### Problem to work on
With the line containing "Maison � vendre 4 pi�ces 98 m�" as the final line, restate exactly every line of the data below from the first one onward, and copy no pictures.

------ Given records

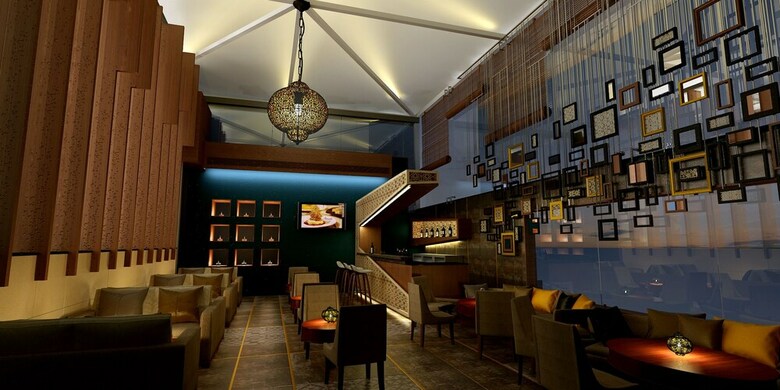 Pearltree Hotels & Resorts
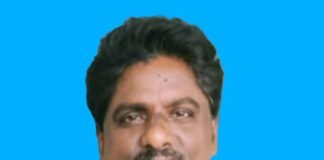 విత్తన మేళాను సద్వినియోగం చేసుకోవాలి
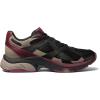 imageMichael Kors Mens Leo Trainer SneakerBlack Multi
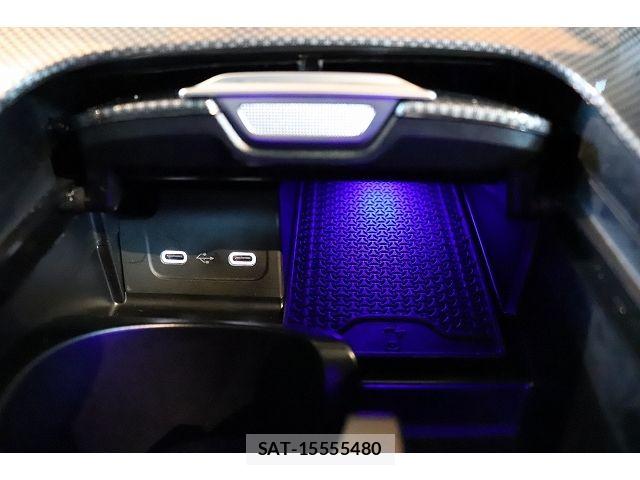 Mercedes Benz C-CLASS 2025-07 7221528-20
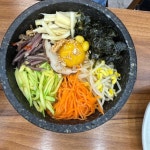 방이샤브샤브칼국수 종암점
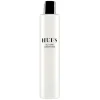 All In One Conditioner 250ml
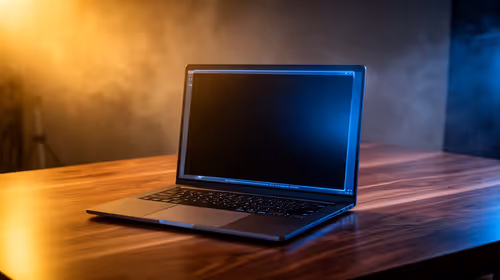 Best Privacy Filter Screens for Student Laptops | Protect Notes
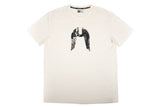 T-Shirt Ethic Dtc Metropolis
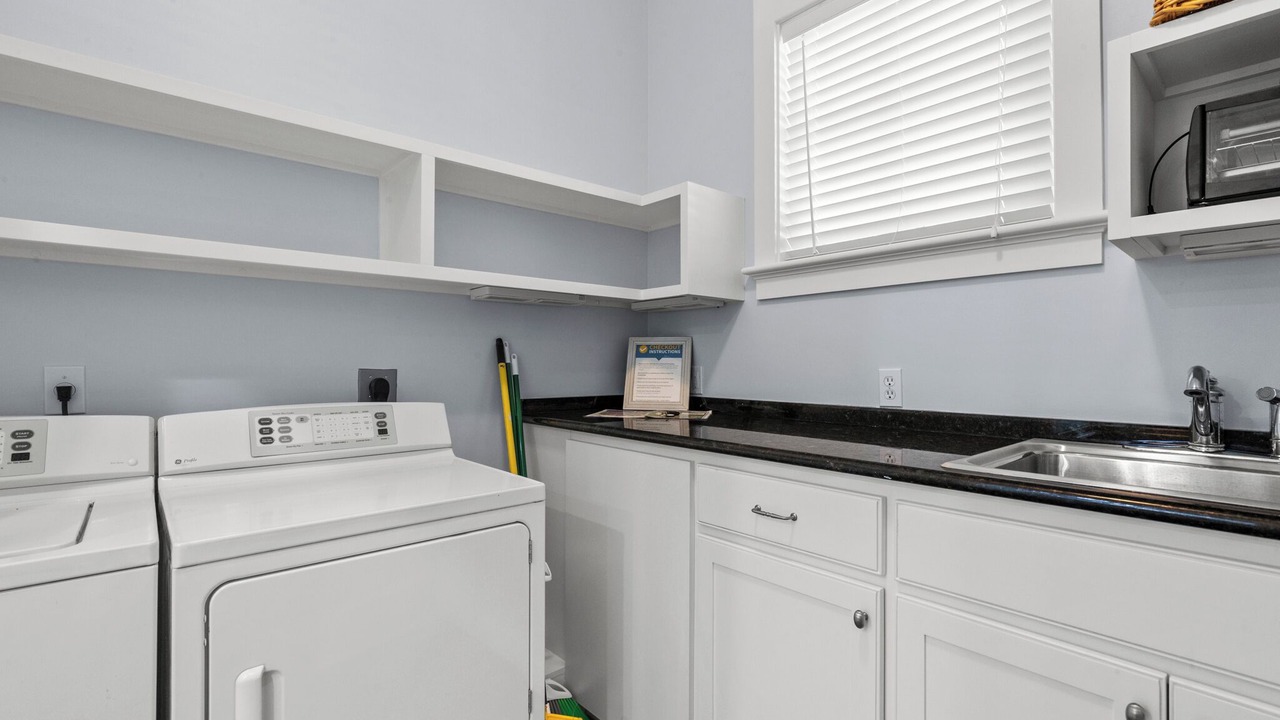 Photo of Bedroom in WaterSound Beach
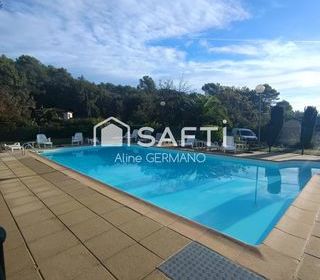  Maison � vendre 4 pi�ces 98 m�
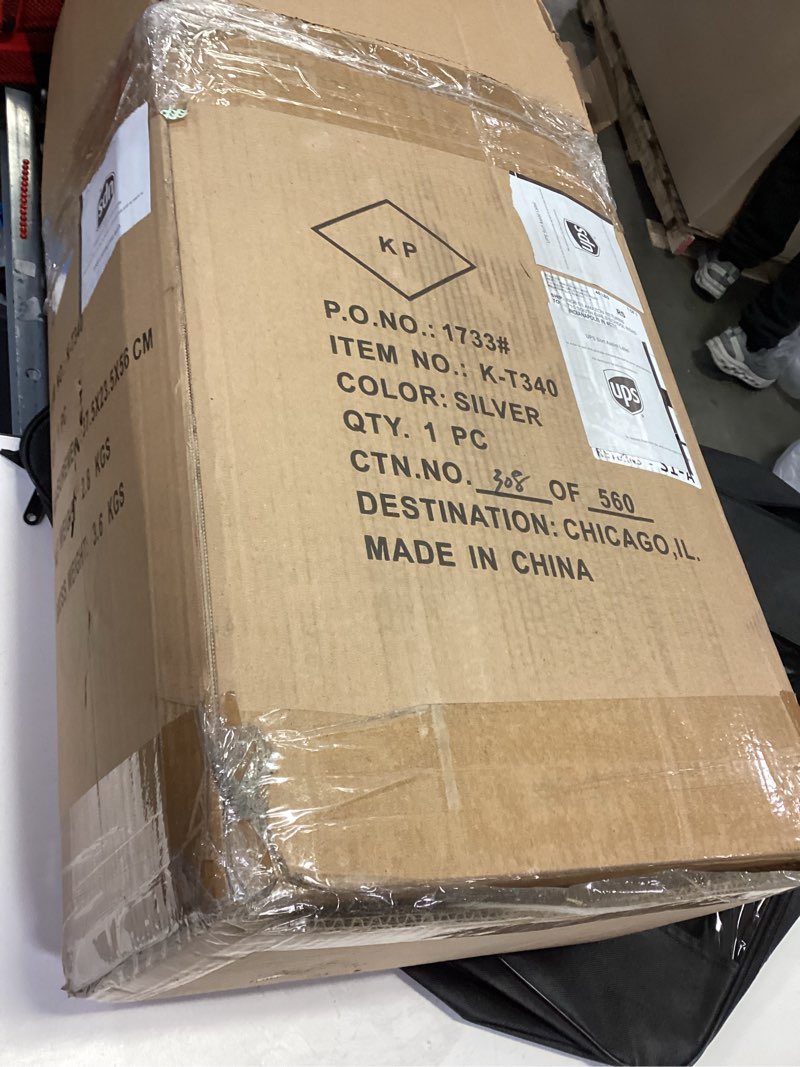 Condition photo showing As Is for Kotton Culture Duvet Cover Queen 100% Egyptian Cotton Breathable All Season Comforter Cover with Zipper Closure & Corner Ties 600 Thread Count Soft Luxury Hotel Bedding ( Queen / Full, White)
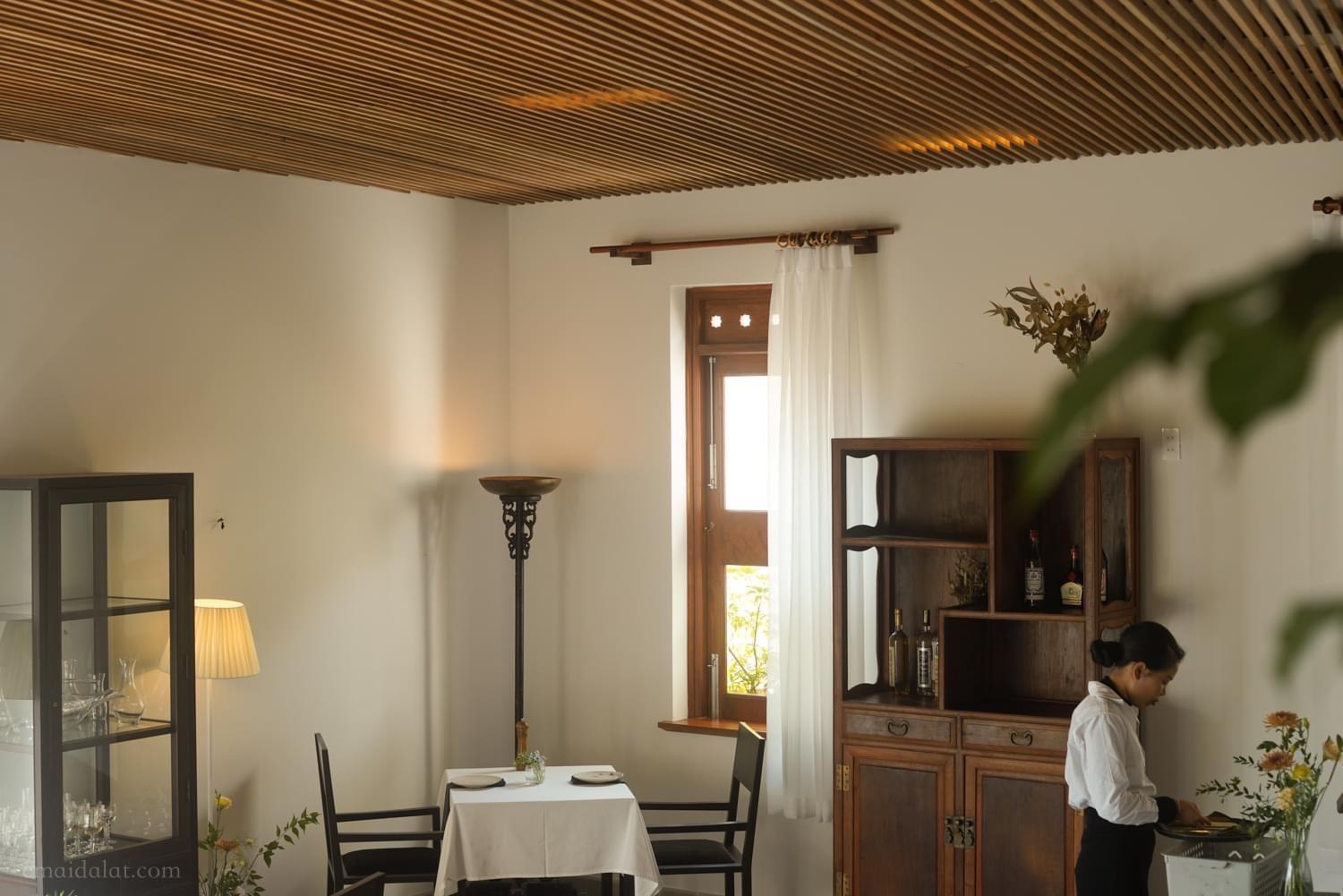 Emai Valley Hotel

------------

### Your solution
 Pearltree Hotels & Resorts
 విత్తన మేళాను సద్వినియోగం చేసుకోవాలి
 imageMichael Kors Mens Leo Trainer SneakerBlack Multi
 Mercedes Benz C-CLASS 2025-07 7221528-20
 방이샤브샤브칼국수 종암점
 All In One Conditioner 250ml
 Best Privacy Filter Screens for Student Laptops | Protect Notes
 T-Shirt Ethic Dtc Metropolis
 Photo of Bedroom in WaterSound Beach
  Maison � vendre 4 pi�ces 98 m�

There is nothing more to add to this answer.